[Collected data entries]
- Opening Delimiter -

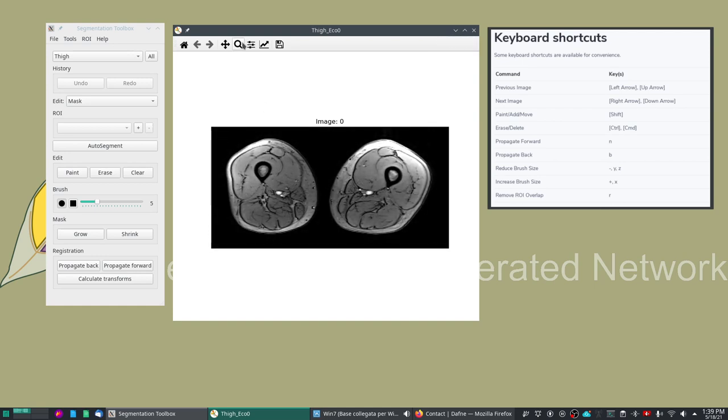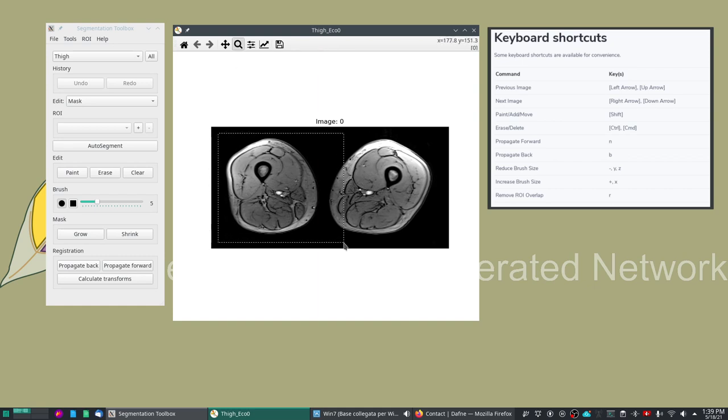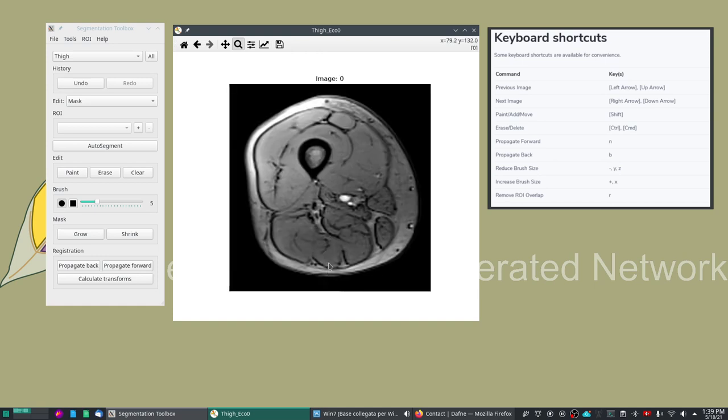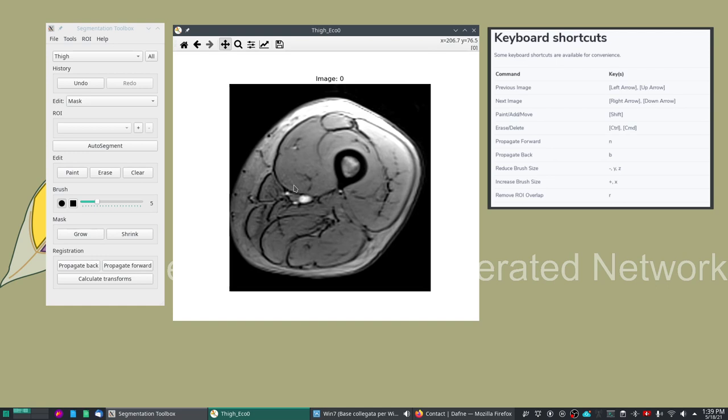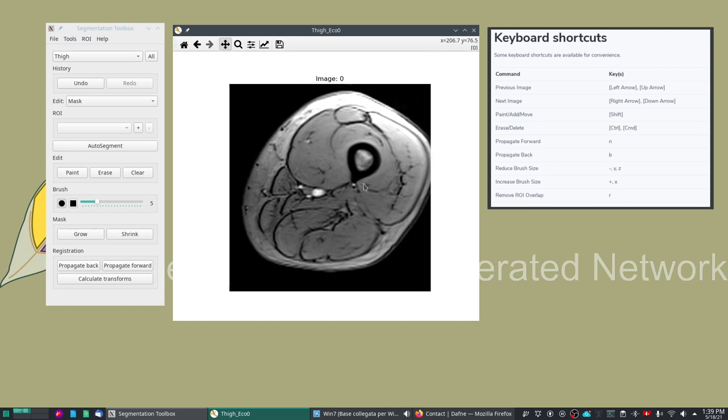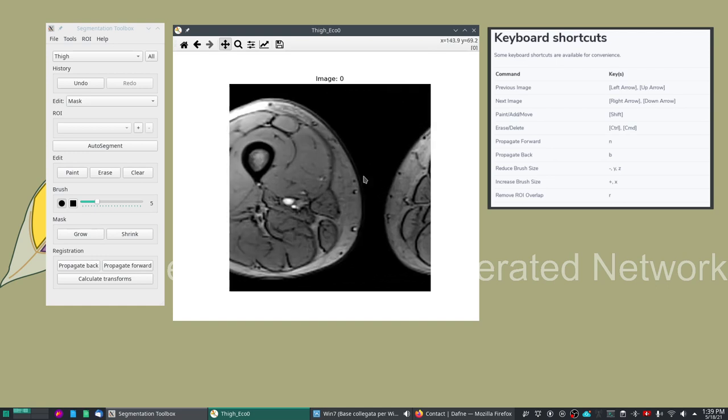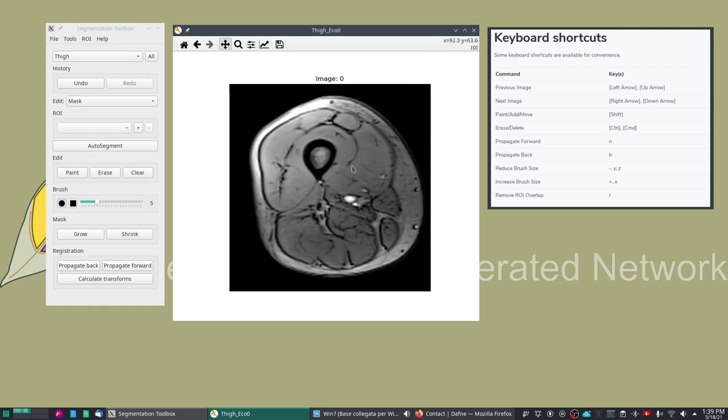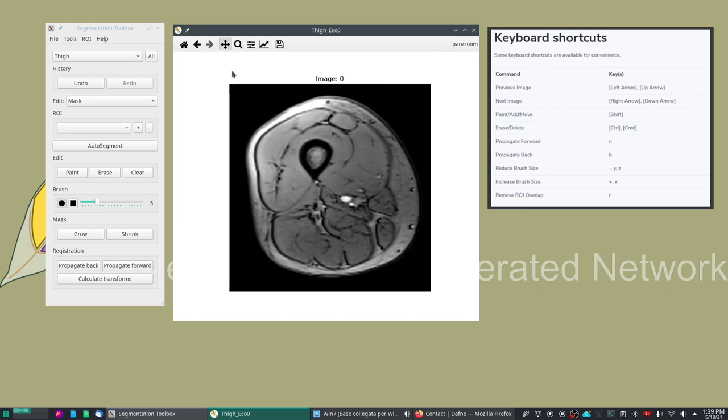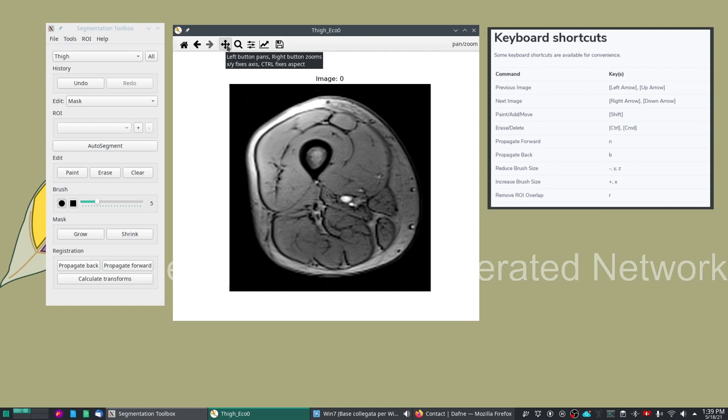We also have the possibility of zooming in and out. This is the zoom tool, so for example we can take one single leg or we can use the pan tool to change to a different place.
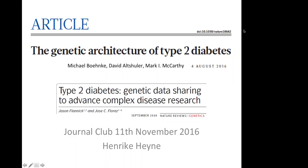This study came out in August this year, closely followed by a review on the same topic. The study was jointly supervised by Michael Boehnke, David Altshuler, and Mark McCarthy, and the topic is the genetic architecture of type 2 diabetes. The review paper by Jason Flanick and Jose Flores came out a month later, and I'll also use a few plots and facts from that paper.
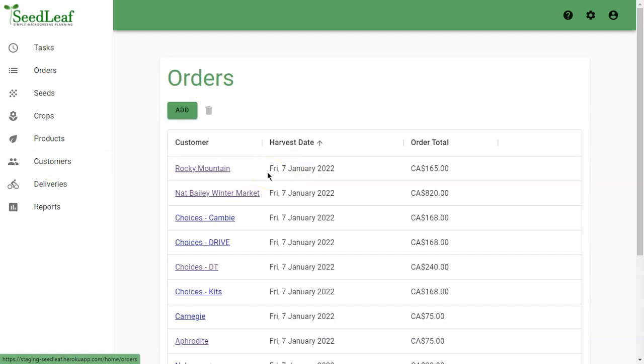By placing an order with a specific harvest date and a specific customer, you can start generating the tasks needed to determine what your crop production cycles will look like.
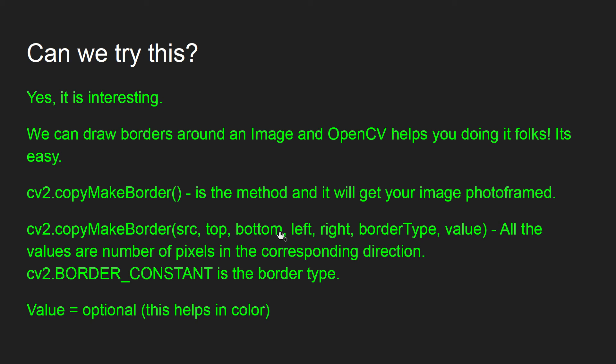All these four are the number of pixels in the corresponding direction - how many pixels you need to move from the corner, from the edge as the border. We can have cv2.BORDER_CONSTANT as the border type, and value is optional for us to get the colors chosen.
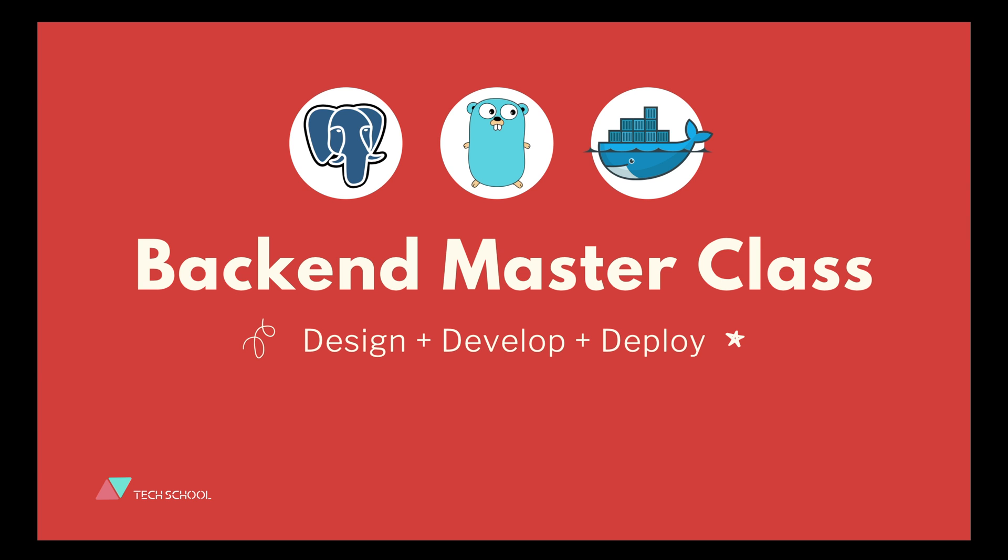Hello and welcome to TechSchool! In this backend masterclass, we're going to learn everything about how to design, develop and deploy a complete backend system from scratch using PostgreSQL, Golang and Docker.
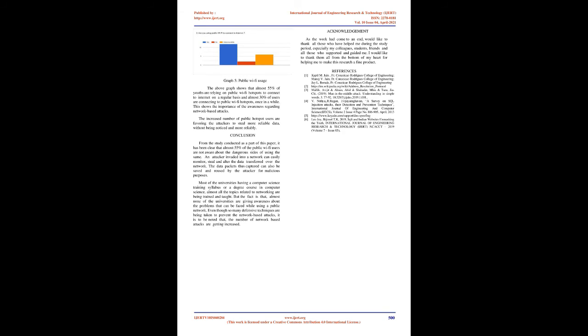The above graph shows that almost 55% of youths are relying on public Wi-Fi hotspots to connect to internet on a regular basis and almost 30% of users are connecting to public Wi-Fi hotspots once in a while. This shows the importance of the awareness regarding network-based attacks. The increased number of public hotspot users are favoring the attackers to steal more reliable data, without being noticed and more reliably.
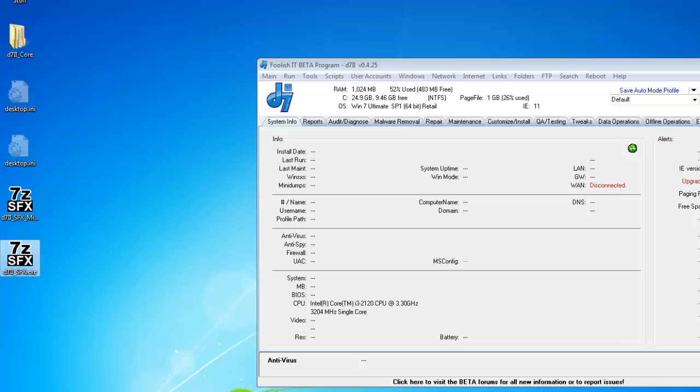So that's the whole point of the D7 SFX line and the SFX mini. If you have any questions about this, of course, hit the forums foolishtech.com or you can email me foolishtech at foolishit.com. I'll try to help you out. I hope this has been informative. Thank you for watching.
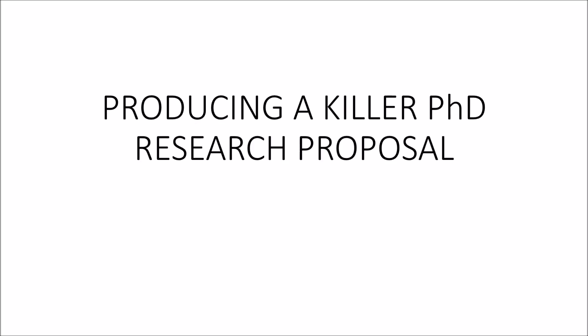Okay, so in this video I want to talk you through how to put together a killer research proposal for your PhD application.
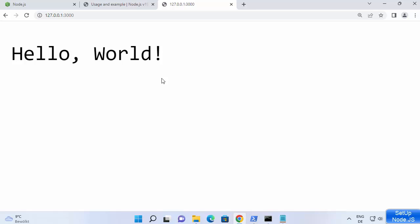So our Node.js is working fine and now you can start using Node.js on your Windows 11 operating system. This is how you can download and install Node.js on Windows 11. I hope you enjoyed this video and I will see you in the next one.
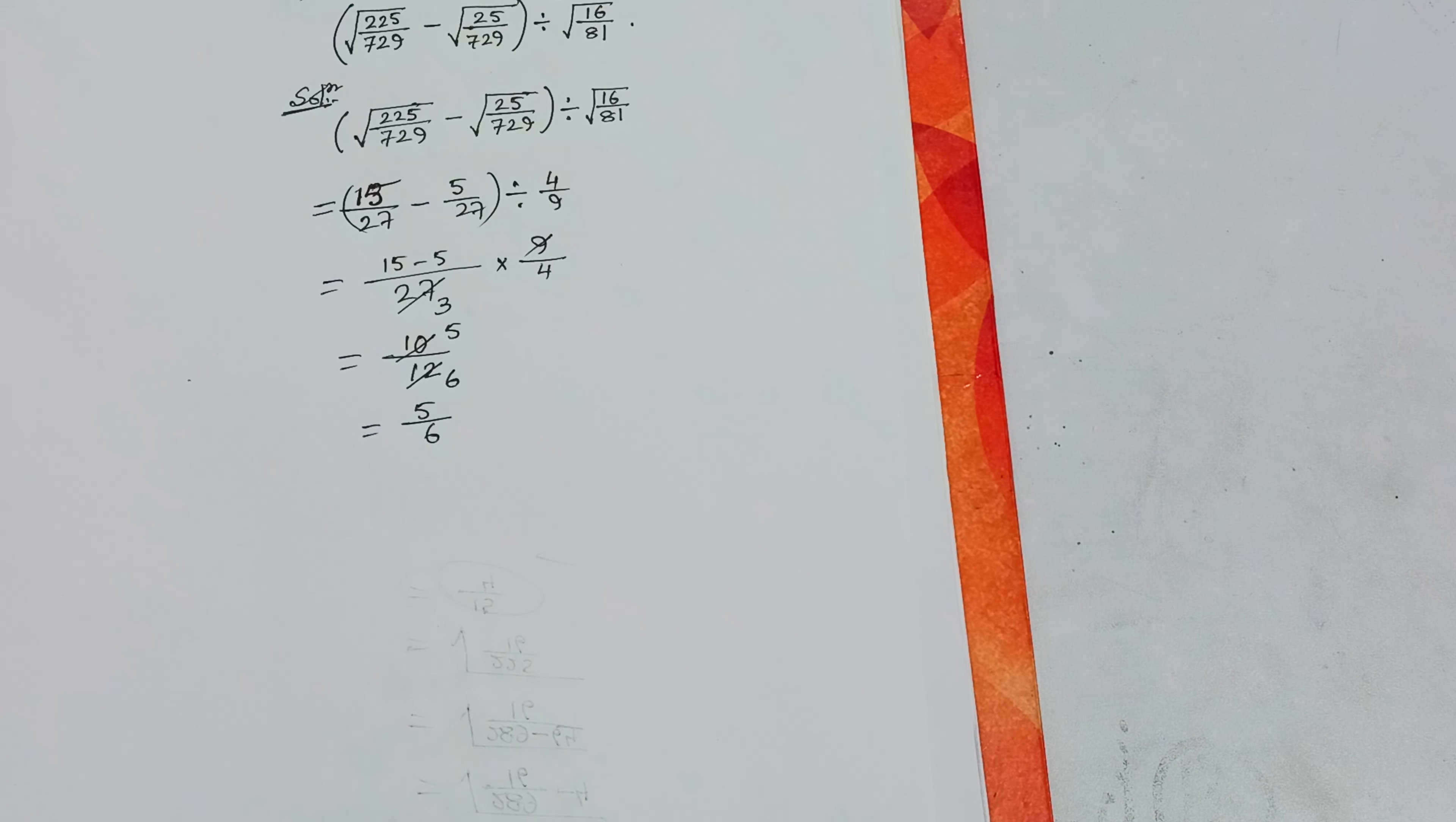Equals to LCM is 27, we get 15 minus 5 in the numerator into 9 by 4.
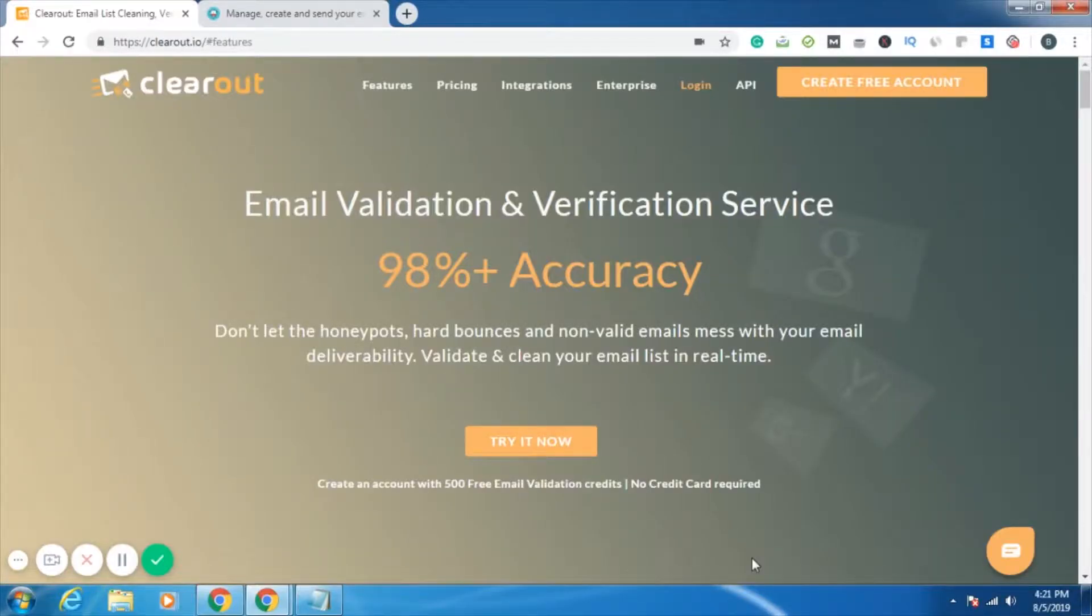Hello, my dear Clearouters. I'm Bharti from the Clearout team and I'll be talking about the new feature that we have recently added in Clearout's app.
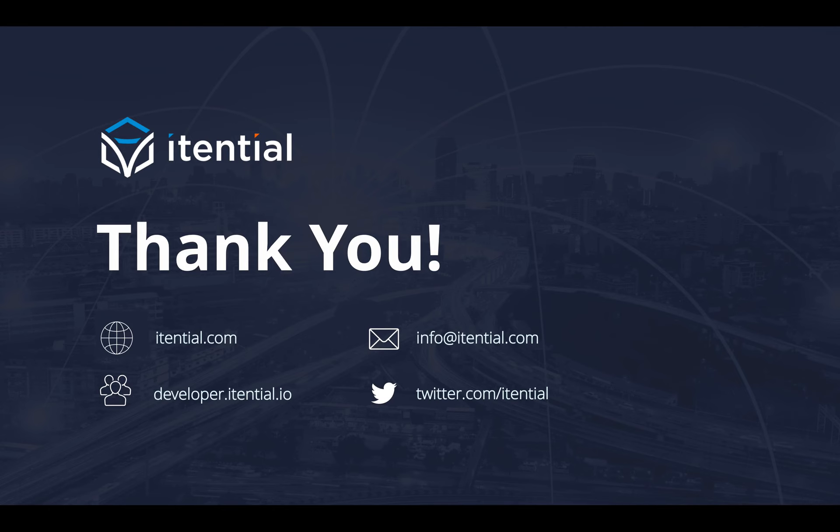Thank you for watching this video. I hope this really shows how much performance benefit you can gain by upgrading to Itential Automation Platform 2020.1.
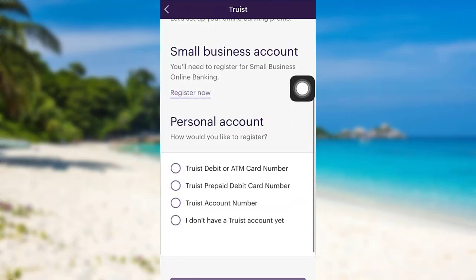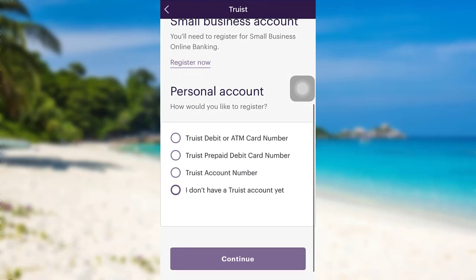Once loaded, you need to select how you'd like to register. You can either register by providing your Truist debit or ATM card number, Truist prepaid debit card number, or Truist account number. If you don't have a Truist account yet, then you need to select the fourth option.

- Closing Delimiter -

- WHAT IS NEEDED
Set the records down again word for word; the pictures stay out.

- SOLVED PROBLEM
We also have the possibility of zooming in and out. This is the zoom tool, so for example we can take one single leg or we can use the pan tool to change to a different place.
This study came out in August this year, closely followed by a review on the same topic. The study was jointly supervised by Michael Boehnke, David Altshuler, and Mark McCarthy, and the topic is the genetic architecture of type 2 diabetes. The review paper by Jason Flanick and Jose Flores came out a month later, and I'll also use a few plots and facts from that paper.
By placing an order with a specific harvest date and a specific customer, you can start generating the tasks needed to determine what your crop production cycles will look like.
All these four are the number of pixels in the corresponding direction - how many pixels you need to move from the corner, from the edge as the border. We can have cv2.BORDER_CONSTANT as the border type, and value is optional for us to get the colors chosen.
Hello and welcome to TechSchool! In this backend masterclass, we're going to learn everything about how to design, develop and deploy a complete backend system from scratch using PostgreSQL, Golang and Docker.
The above graph shows that almost 55% of youths are relying on public Wi-Fi hotspots to connect to internet on a regular basis and almost 30% of users are connecting to public Wi-Fi hotspots once in a while. This shows the importance of the awareness regarding network-based attacks. The increased number of public hotspot users are favoring the attackers to steal more reliable data, without being noticed and more reliably.
So that's the whole point of the D7 SFX line and the SFX mini. If you have any questions about this, of course, hit the forums foolishtech.com or you can email me foolishtech at foolishit.com. I'll try to help you out. I hope this has been informative. Thank you for watching.
Okay, so in this video I want to talk you through how to put together a killer research proposal for your PhD application.
So our Node.js is working fine and now you can start using Node.js on your Windows 11 operating system. This is how you can download and install Node.js on Windows 11. I hope you enjoyed this video and I will see you in the next one.
Equals to LCM is 27, we get 15 minus 5 in the numerator into 9 by 4.
Hello, my dear Clearouters. I'm Bharti from the Clearout team and I'll be talking about the new feature that we have recently added in Clearout's app.
Thank you for watching this video. I hope this really shows how much performance benefit you can gain by upgrading to Itential Automation Platform 2020.1.
Once loaded, you need to select how you'd like to register. You can either register by providing your Truist debit or ATM card number, Truist prepaid debit card number, or Truist account number. If you don't have a Truist account yet, then you need to select the fourth option.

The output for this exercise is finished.